*** Opening of TASK MATERIAL ***

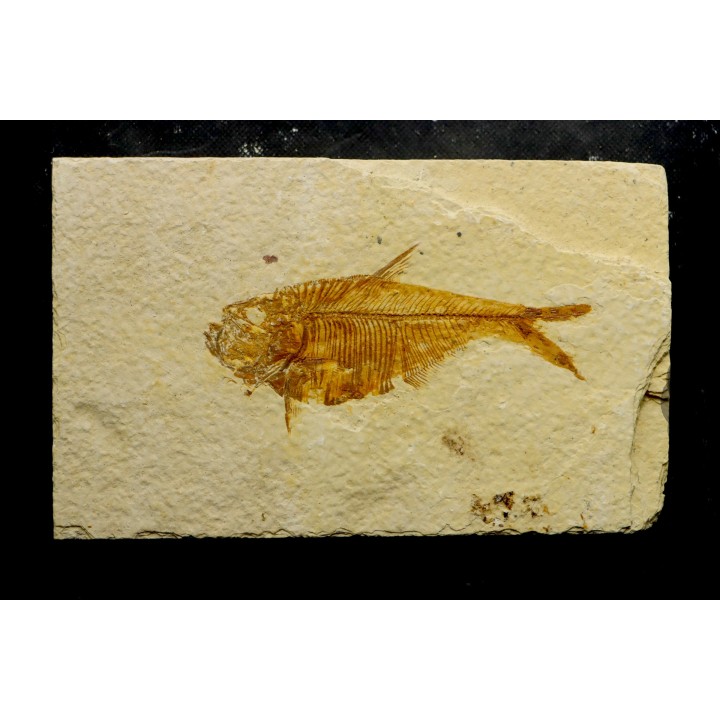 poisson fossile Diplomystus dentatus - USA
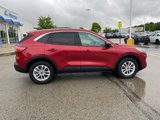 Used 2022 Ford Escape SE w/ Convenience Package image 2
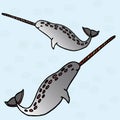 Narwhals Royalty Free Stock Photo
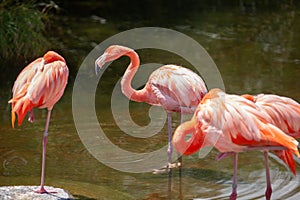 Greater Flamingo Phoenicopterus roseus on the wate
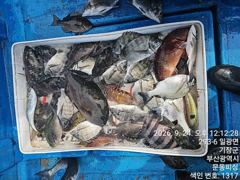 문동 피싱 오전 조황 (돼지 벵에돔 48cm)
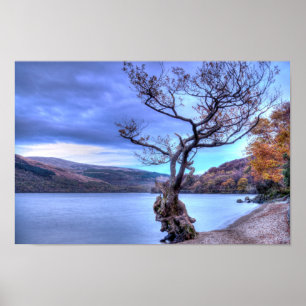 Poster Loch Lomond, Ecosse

*** Close of TASK MATERIAL ***

INSTRUCTIONS FOR THE TASK:
Reprint all the data above verbatim, excluding pictures.

EXPECTED ANSWER:
 poisson fossile Diplomystus dentatus - USA
 Used 2022 Ford Escape SE w/ Convenience Package image 2
 Narwhals Royalty Free Stock Photo
 Greater Flamingo Phoenicopterus roseus on the wate
 문동 피싱 오전 조황 (돼지 벵에돔 48cm)
 Poster Loch Lomond, Ecosse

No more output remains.